Genetics aside, everyone should keep a sharp eye out for the signs of Alzheimer’s disease. Scientists have recently uncovered some surprising early symptoms, beyond memory loss or confusion while driving. Now, research published in the journal Annals of Neurology says that one marker for Alzheimer’s disease could be written all over your face, too.
Rosacea (a skin condition that causes facial redness) could be linked to Alzheimer’s disease, according to a 2016 study. To determine their results, lead author Dr. Alexander Egeberg and his team examined data from the Danish national health registry system for the years 1997 to 2012. The nation’s entire population of roughly 5.6 million men and women were included in the study, and about 82,000 had rosacea.
The final data showed that people with rosacea were seven percent more likely to develop any form of dementia—and 25 percent more likely to develop Alzheimer’s disease—than people without rosacea. The association seemed more prominent for women rather than men; while women with rosacea had a 28 percent greater risk for Alzheimer’s, men had a 16 percent greater risk. What’s more, Alzheimer’s risk for rosacea patients increased by 20 percent among those aged 60 or older when they first enrolled in the study.
About 16 million Americans have been diagnosed with rosacea, according to the National Rosacea Society.
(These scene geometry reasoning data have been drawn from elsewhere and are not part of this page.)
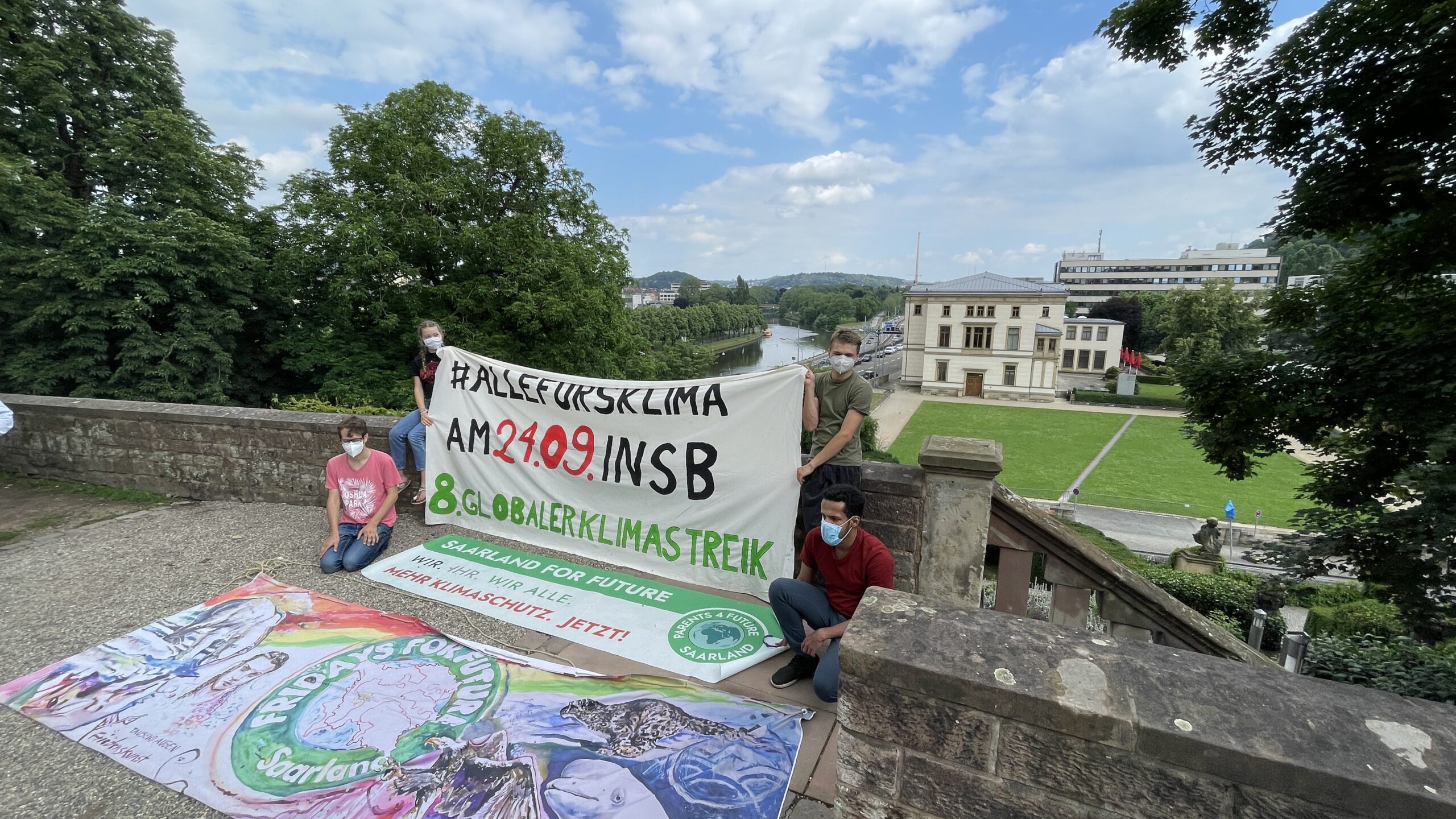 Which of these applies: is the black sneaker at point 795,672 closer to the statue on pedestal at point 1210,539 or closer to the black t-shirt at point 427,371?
the black t-shirt at point 427,371

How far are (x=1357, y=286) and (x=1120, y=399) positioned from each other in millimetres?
54581

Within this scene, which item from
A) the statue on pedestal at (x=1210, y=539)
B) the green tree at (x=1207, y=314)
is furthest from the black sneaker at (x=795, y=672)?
the green tree at (x=1207, y=314)

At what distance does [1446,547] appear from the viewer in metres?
4.18

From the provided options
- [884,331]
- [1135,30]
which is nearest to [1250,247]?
[884,331]

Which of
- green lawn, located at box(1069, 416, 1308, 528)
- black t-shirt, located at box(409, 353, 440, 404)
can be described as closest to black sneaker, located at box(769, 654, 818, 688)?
black t-shirt, located at box(409, 353, 440, 404)

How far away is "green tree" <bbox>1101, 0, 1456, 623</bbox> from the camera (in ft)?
15.6

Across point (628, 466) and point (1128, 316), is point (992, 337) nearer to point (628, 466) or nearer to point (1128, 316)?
point (1128, 316)

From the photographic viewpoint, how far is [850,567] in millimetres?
3221

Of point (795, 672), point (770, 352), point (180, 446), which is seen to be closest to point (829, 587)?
point (795, 672)

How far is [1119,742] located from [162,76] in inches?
863

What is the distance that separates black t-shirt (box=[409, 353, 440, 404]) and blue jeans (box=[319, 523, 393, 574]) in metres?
1.33

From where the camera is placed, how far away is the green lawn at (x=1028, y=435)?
30297mm

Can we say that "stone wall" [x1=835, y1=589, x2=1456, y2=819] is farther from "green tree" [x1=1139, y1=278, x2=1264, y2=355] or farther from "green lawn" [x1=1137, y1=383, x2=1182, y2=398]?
"green lawn" [x1=1137, y1=383, x2=1182, y2=398]

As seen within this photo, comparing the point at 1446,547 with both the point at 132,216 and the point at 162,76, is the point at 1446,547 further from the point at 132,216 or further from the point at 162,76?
the point at 162,76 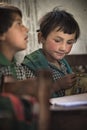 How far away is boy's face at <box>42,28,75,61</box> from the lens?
163 cm

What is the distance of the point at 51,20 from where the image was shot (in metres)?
1.69

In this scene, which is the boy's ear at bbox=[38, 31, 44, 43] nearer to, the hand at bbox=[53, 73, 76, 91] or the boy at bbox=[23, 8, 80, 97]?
Answer: the boy at bbox=[23, 8, 80, 97]

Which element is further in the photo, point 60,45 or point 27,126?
point 60,45

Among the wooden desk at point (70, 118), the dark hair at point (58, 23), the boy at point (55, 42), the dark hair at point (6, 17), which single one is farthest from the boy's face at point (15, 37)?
the wooden desk at point (70, 118)

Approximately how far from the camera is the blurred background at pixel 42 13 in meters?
1.90

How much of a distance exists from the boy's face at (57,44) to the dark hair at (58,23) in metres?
0.03

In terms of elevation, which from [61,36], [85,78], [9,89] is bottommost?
[85,78]

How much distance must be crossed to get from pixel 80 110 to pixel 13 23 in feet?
2.04

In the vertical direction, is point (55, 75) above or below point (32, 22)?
below

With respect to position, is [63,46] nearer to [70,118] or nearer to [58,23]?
[58,23]

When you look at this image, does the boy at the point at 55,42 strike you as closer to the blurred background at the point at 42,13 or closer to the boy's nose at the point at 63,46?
the boy's nose at the point at 63,46

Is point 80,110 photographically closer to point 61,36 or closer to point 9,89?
point 9,89

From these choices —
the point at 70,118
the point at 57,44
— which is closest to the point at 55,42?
the point at 57,44

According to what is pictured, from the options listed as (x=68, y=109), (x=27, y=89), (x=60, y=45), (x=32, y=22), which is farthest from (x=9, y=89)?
(x=32, y=22)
Often, those who have it show redness and acne-like markings on the face.
However, the study authors assure everyone that people with rosacea should not be too concerned about the results. The study only shows an association between dementia and rosacea, and more research is necessary to determine if a causal link exists. Learn the 15 myths about Alzheimer’s you need to stop believing.
“It is important for patients to remember that having rosacea does not guarantee that they will develop Alzheimer’s disease,” Dr. Egeberg said. “In fact, while the risk in rosacea patients may be slightly increased compared with the general population, the absolute risk [to any one patient] is still quite low.”